Far from doting upon the same social issues, these novels often express the difficulties of adjusting to modernity after colonial rule, to adapting to suburban life, to rejecting and accepting new subversive movements.
And yes it would give you an insight into how to nail the almighty British accent.
1. Me Before You by Jojo Moyes
This is one of the most charming and heartbreaking love stories you will ever read. You’ll laugh, you’ll weep, and when you turn the last page, you’ll want to start all over again.
The movie trailer of the book is out and it would blow your mind.
2. White Teeth by Zadie Smith
Set in modern London, Zadie Smith’s debut novel chronicles Bangladeshi and Jamaican families as they struggle to express their identity in an increasingly saturated society. While it takes on faith, race, gender, history, and culture. Zadie Smith's dazzling first novel is not to be missed.
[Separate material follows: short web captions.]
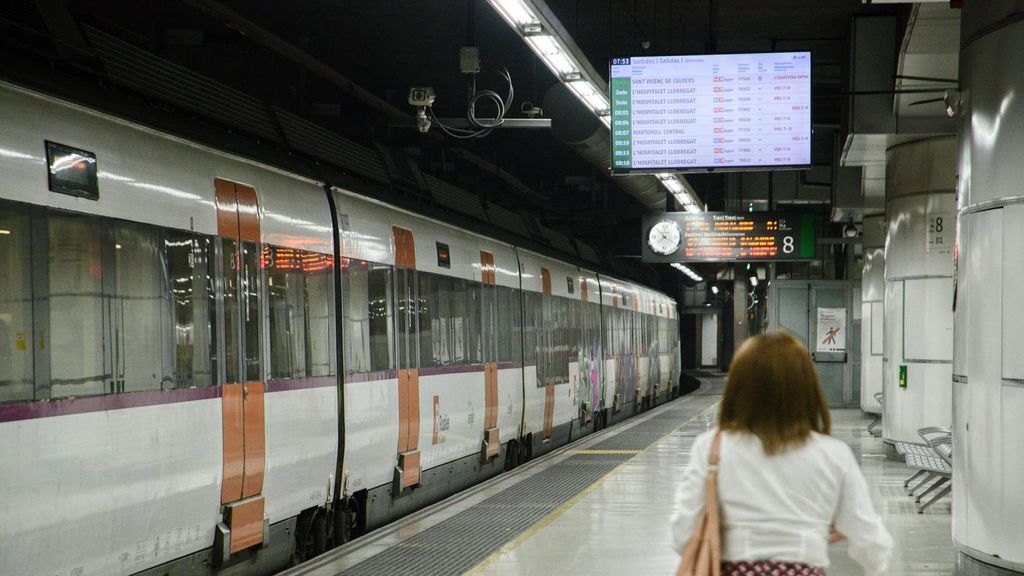 Retrasos en ocho líneas de Rodalies por una incidencia en la estación de El Prat, Barcelona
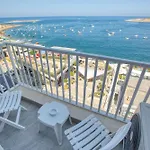Beautiful Seafront With Comfy Beds, Ac & Wifi By 360 Estates Apartment *
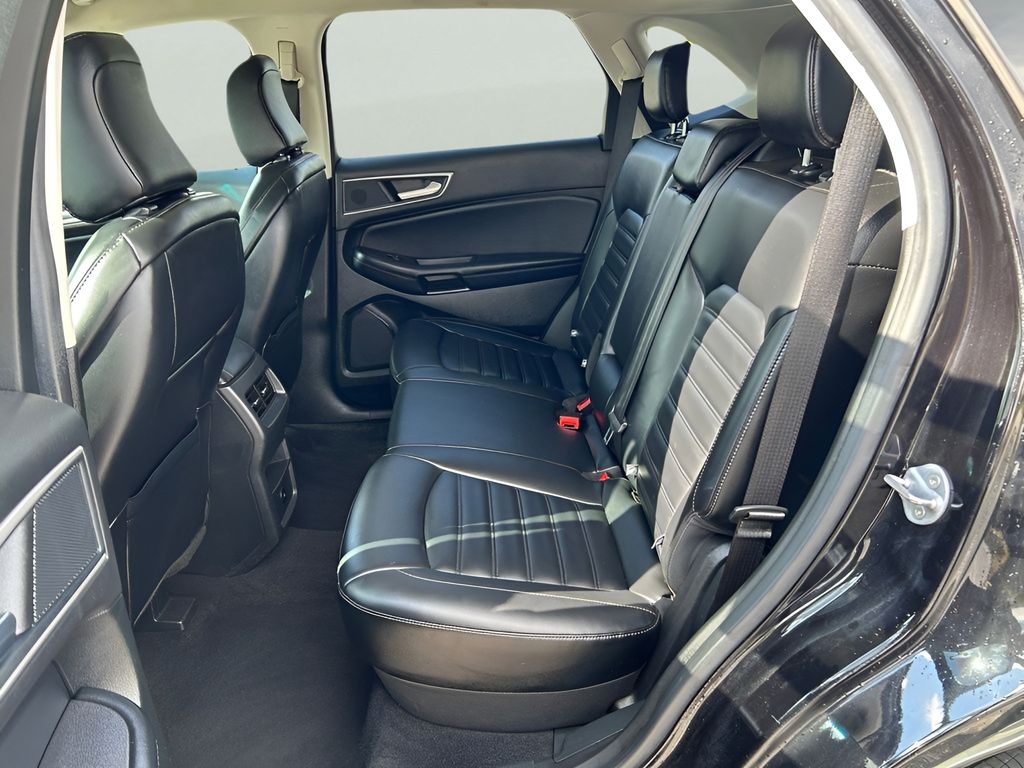 2023 Ford Edge SEL photo 10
3. The Unconsoled by Kazuo Ishiguro
Ishiguro is the king of the unreliable narrator, and in The Unconsoled, a pianist begins to lose his memory and sense of place in the world.
4. The Paying Guests by Sarah Waters
Sarah Waters earned a reputation as one of Britain’s great writers of historical fiction, and here she delivers again. A love story, a tension-filled crime story, and a beautifully atmospheric portrait of 1920s London.
5. How to Be Both by Ali Smith
How to be both is a novel all about art’s versatility. It’s a fast-moving genre-bending conversation between forms, times, truths and fictions. There’s a Renaissance artist of the 1460s. There’s the child of a child of the 1960s. Two tales of love and injustice twist into a singular yarn where time gets timeless, structural gets playful, knowing gets mysterious, fictional gets real—and all life’s givens get given a second chance.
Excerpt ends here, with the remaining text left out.